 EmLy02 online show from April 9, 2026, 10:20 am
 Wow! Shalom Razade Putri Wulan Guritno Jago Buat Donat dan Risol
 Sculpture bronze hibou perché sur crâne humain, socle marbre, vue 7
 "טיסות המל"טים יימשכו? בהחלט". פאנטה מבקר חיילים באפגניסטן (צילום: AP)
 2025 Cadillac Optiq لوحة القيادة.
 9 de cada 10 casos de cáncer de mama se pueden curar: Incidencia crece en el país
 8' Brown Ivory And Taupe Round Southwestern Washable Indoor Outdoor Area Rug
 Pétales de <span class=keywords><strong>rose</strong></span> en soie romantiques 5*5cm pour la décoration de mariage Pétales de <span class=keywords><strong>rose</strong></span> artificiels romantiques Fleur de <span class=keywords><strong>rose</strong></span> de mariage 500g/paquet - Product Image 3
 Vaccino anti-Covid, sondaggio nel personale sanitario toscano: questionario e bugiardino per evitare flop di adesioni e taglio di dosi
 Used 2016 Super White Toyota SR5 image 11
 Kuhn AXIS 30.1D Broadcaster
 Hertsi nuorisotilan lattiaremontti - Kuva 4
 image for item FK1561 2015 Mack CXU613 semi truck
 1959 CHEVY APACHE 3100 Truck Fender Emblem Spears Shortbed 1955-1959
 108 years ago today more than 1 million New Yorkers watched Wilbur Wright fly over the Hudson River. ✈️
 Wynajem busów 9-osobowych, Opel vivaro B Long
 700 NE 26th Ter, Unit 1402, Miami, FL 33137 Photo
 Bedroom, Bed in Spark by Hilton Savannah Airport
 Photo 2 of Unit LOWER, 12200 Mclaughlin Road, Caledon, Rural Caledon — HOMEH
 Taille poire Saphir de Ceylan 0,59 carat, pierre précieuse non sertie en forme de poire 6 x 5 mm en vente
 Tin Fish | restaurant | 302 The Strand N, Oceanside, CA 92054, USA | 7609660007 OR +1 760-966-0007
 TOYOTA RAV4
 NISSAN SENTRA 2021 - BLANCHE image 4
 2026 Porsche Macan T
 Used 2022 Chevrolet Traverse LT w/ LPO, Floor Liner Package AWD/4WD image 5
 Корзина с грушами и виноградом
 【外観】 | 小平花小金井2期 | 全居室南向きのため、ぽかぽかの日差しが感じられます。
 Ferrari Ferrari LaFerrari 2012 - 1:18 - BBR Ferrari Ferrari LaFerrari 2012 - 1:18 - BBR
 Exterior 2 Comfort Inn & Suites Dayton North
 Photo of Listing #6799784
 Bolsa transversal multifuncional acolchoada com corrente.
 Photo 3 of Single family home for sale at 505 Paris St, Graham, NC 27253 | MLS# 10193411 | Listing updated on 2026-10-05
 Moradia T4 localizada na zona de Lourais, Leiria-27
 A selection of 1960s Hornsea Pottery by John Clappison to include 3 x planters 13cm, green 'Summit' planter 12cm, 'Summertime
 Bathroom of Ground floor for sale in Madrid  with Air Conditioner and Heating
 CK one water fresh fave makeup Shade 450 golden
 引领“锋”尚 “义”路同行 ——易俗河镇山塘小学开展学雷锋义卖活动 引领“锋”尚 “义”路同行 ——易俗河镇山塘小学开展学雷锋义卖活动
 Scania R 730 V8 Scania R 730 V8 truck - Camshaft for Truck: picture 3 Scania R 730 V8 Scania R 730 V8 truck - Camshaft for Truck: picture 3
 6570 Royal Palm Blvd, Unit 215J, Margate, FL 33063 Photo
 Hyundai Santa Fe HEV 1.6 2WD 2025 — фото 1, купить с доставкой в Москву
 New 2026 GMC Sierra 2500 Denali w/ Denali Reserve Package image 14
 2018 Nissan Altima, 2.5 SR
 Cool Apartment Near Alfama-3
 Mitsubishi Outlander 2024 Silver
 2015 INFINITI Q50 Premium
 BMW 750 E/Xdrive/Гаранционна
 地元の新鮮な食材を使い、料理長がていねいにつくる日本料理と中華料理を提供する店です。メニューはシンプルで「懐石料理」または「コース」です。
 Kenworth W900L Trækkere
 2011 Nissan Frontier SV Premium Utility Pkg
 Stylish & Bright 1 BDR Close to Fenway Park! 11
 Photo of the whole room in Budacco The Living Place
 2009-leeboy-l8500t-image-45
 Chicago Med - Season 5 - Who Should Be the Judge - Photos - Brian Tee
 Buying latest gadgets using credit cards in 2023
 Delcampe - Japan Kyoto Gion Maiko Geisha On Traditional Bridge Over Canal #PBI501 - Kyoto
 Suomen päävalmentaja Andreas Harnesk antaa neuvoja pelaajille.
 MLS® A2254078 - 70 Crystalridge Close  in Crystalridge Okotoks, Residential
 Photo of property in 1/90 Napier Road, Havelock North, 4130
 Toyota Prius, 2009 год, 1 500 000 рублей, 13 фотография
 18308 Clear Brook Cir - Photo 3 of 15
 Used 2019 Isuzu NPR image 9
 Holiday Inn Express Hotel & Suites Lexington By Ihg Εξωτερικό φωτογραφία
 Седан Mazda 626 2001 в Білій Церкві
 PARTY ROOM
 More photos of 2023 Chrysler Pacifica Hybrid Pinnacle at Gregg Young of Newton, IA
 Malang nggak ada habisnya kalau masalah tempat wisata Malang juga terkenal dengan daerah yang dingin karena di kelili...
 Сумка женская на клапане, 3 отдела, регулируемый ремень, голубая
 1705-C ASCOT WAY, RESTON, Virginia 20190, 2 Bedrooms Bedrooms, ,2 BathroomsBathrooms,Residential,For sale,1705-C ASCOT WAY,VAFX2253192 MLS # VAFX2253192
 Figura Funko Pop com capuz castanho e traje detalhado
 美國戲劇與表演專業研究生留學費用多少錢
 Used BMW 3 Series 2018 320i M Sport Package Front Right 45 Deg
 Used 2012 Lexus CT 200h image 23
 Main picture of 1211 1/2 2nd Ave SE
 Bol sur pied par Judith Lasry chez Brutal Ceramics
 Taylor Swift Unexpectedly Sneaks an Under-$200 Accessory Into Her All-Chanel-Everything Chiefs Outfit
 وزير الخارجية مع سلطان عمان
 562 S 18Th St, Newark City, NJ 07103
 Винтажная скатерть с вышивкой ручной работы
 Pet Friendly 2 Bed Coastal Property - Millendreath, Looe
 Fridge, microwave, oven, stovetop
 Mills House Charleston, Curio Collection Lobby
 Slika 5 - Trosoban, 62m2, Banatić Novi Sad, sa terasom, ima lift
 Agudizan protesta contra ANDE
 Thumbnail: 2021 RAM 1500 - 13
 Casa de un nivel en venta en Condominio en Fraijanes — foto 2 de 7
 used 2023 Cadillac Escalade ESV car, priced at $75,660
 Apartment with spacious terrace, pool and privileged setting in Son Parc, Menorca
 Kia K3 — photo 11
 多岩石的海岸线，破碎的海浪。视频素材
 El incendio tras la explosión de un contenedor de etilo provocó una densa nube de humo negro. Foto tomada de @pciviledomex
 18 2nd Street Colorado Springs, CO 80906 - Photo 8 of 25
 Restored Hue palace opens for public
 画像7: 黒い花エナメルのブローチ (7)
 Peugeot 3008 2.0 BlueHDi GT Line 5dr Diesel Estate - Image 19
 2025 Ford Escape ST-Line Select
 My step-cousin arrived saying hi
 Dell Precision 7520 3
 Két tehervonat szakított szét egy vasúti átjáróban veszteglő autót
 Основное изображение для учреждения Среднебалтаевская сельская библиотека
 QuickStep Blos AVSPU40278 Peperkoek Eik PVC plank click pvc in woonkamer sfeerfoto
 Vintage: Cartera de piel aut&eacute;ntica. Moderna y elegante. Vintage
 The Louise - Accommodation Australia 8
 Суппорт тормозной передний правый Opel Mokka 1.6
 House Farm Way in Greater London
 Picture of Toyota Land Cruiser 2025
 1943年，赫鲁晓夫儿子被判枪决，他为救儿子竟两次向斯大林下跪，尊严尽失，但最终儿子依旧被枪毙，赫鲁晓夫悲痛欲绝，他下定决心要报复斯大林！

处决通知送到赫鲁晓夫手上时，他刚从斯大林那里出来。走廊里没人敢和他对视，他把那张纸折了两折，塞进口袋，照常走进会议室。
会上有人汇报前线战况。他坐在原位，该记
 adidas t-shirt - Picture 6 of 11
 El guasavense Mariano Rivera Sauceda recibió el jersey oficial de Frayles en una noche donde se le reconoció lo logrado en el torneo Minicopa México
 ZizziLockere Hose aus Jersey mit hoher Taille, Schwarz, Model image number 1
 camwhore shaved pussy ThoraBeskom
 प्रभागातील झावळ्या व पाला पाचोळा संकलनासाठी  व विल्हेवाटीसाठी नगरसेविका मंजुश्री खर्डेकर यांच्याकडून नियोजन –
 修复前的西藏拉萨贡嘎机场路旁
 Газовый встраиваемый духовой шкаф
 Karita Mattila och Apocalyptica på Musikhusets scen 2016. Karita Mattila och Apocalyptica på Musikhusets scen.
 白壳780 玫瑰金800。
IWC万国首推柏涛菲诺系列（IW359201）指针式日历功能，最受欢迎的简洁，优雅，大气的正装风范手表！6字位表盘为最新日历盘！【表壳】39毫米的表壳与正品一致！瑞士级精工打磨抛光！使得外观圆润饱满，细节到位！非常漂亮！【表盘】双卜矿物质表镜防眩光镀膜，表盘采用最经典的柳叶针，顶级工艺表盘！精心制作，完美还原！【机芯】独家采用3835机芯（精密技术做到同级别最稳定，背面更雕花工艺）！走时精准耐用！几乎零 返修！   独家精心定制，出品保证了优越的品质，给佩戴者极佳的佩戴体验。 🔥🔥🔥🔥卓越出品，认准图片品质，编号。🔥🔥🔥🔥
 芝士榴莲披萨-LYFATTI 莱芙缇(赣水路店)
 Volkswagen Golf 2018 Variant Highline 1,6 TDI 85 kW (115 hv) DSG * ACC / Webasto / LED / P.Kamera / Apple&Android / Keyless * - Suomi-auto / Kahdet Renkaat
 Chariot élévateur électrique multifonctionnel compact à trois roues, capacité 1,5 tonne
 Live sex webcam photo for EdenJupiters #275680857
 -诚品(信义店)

====

### Prompt
Retype exactly the lines of the data above that fall between the line with "Moradia T4 localizada" and the line with "Buying latest gadgets", inclusive, and add nothing.

### Result
 Moradia T4 localizada na zona de Lourais, Leiria-27
 A selection of 1960s Hornsea Pottery by John Clappison to include 3 x planters 13cm, green 'Summit' planter 12cm, 'Summertime
 Bathroom of Ground floor for sale in Madrid  with Air Conditioner and Heating
 CK one water fresh fave makeup Shade 450 golden
 引领“锋”尚 “义”路同行 ——易俗河镇山塘小学开展学雷锋义卖活动 引领“锋”尚 “义”路同行 ——易俗河镇山塘小学开展学雷锋义卖活动
 Scania R 730 V8 Scania R 730 V8 truck - Camshaft for Truck: picture 3 Scania R 730 V8 Scania R 730 V8 truck - Camshaft for Truck: picture 3
 6570 Royal Palm Blvd, Unit 215J, Margate, FL 33063 Photo
 Hyundai Santa Fe HEV 1.6 2WD 2025 — фото 1, купить с доставкой в Москву
 New 2026 GMC Sierra 2500 Denali w/ Denali Reserve Package image 14
 2018 Nissan Altima, 2.5 SR
 Cool Apartment Near Alfama-3
 Mitsubishi Outlander 2024 Silver
 2015 INFINITI Q50 Premium
 BMW 750 E/Xdrive/Гаранционна
 地元の新鮮な食材を使い、料理長がていねいにつくる日本料理と中華料理を提供する店です。メニューはシンプルで「懐石料理」または「コース」です。
 Kenworth W900L Trækkere
 2011 Nissan Frontier SV Premium Utility Pkg
 Stylish & Bright 1 BDR Close to Fenway Park! 11
 Photo of the whole room in Budacco The Living Place
 2009-leeboy-l8500t-image-45
 Chicago Med - Season 5 - Who Should Be the Judge - Photos - Brian Tee
 Buying latest gadgets using credit cards in 2023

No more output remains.